Within the ENCODE project, the GENCODE consortium  was set up. This group, in collaboration with the HAVANA team  at the Sanger Institute, has produced a high quality annotation of the gene content of the ENCODE regions through a combined manual, computational and experimental strategy . The EGASP experiment was organized with the main goal of evaluating how well automatic methods are able to reproduce this annotation produced by GENCODE. A second goal of EGASP was to assess the completeness of the GENCODE annotation and, in this regard, EGASP was designed such that, in a follow-up step, a number of computational gene predictions not included in GENCODE were tested experimentally.

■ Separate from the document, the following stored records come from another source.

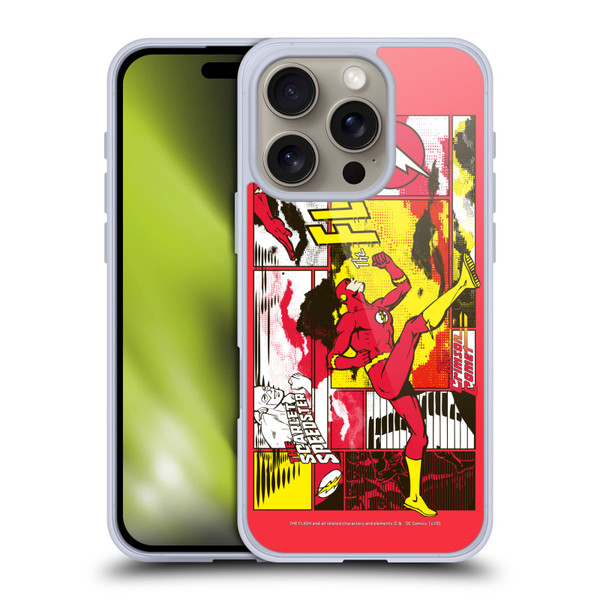 The Flash DC Comics Fast Fashion Pop Art Soft Gel Case for Apple iPhone 16 Pro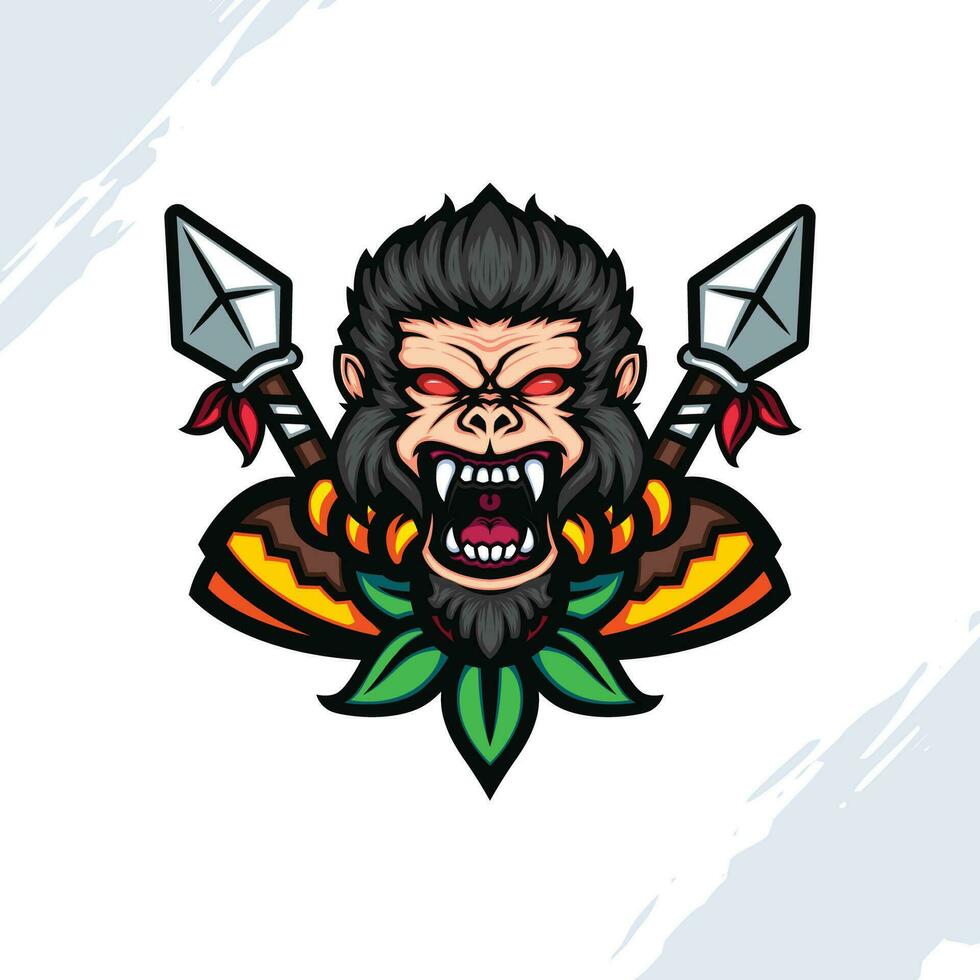 Illustration of Gorilla Head Screaming with Angry Face Wearing Tribal Clothes with Two Spears on the Back vector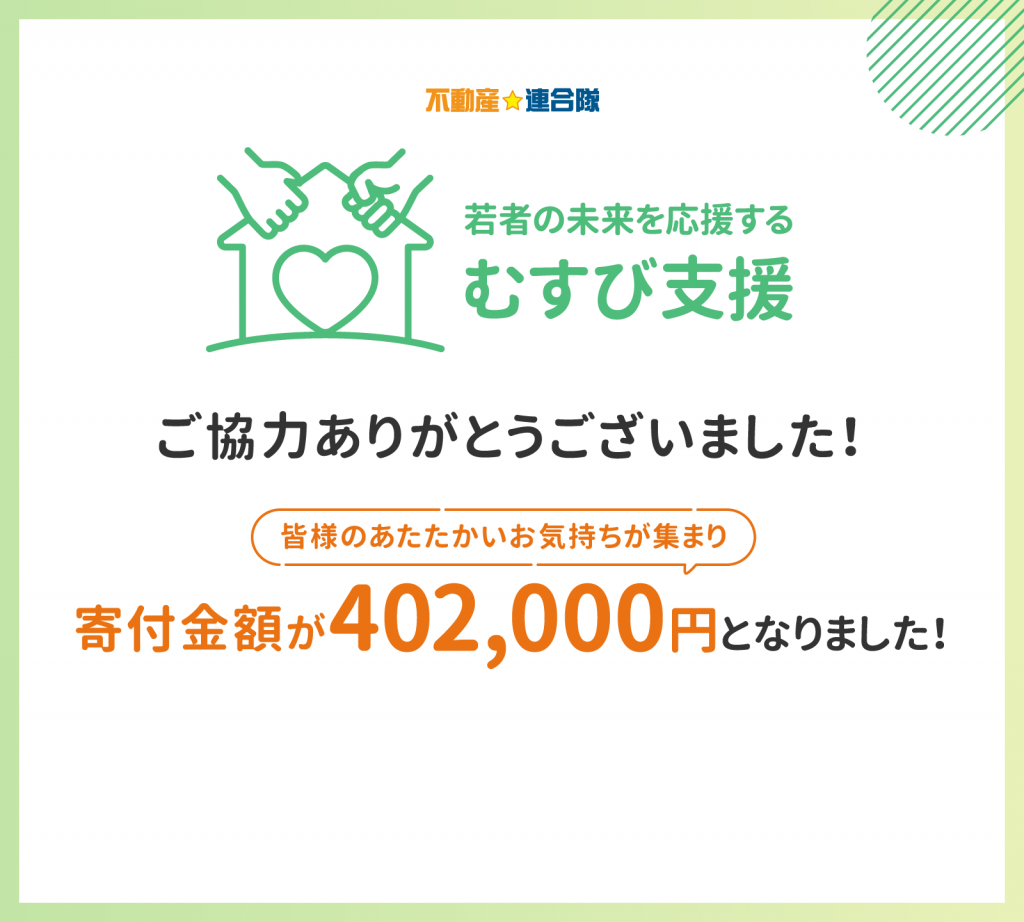 寄付プロジェクト『むすび支援(2024年度版)』の寄付金額が402,000円となりました。ご協力ありがとうございました!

In what follows, we first describe the organization and structure of the EGASP experiment. We then present the results of the evaluation of the submitted predictions against the GENCODE annotation, and finally we present the results of the experimental verification of the novel predictions.
The 44 ENCODE regions represent 30 Mb (approximately 1%) of the human genome . Approximately half of the sequence corresponds to a set of 14 manually selected regions including well-studied genes and for which a significant amount of prior comparative sequence data was available. The remaining 30 genomic regions were chosen based on a stratified random sampling based on two measures: gene density (from previous annotations) and non-exonic conservation with the mouse genome sequence. Briefly, each portion of the human genome sequence was classified as high, medium, or low if it fell in the top 20%, the middle 30%, or the bottom 50%, respectively, of the above two measures. Several 500 kb sequences were chosen from each of the nine classifications created by this stratification procedure.
Table Table11 lists the 44 selected sequences within the ENCODE region and classifies them based on random/manual selection, previously known gene density and non-exonic conservation to the mouse genome. It also describes the size differences between the sequences. Information about the criteria used to select the regions and their characteristics can be found on the ENCODE website . The sequences of the ENCODE regions (as well as multiple functional annotations) can be downloaded from the UCSC ENCODE browser .
We defined the sequences used for the EGASP experimental evaluation by taking advantage of the prior work of the HAVANA team , which had previously comprehensively annotated and released annotation for several human chromosomes [36-42]. Updated annotation for the 13 ENCODE regions on these chromosomes was released in January 2005 as a 'training' set for the EGASP experiment. The manual annotation of the other 31 ENCODE regions was held back from release until after the automated gene predictions had been received. The 31 EGASP test regions represent a total of 21.6 million base-pairs (bp) of sequence. Further information is available at the GENCODE website .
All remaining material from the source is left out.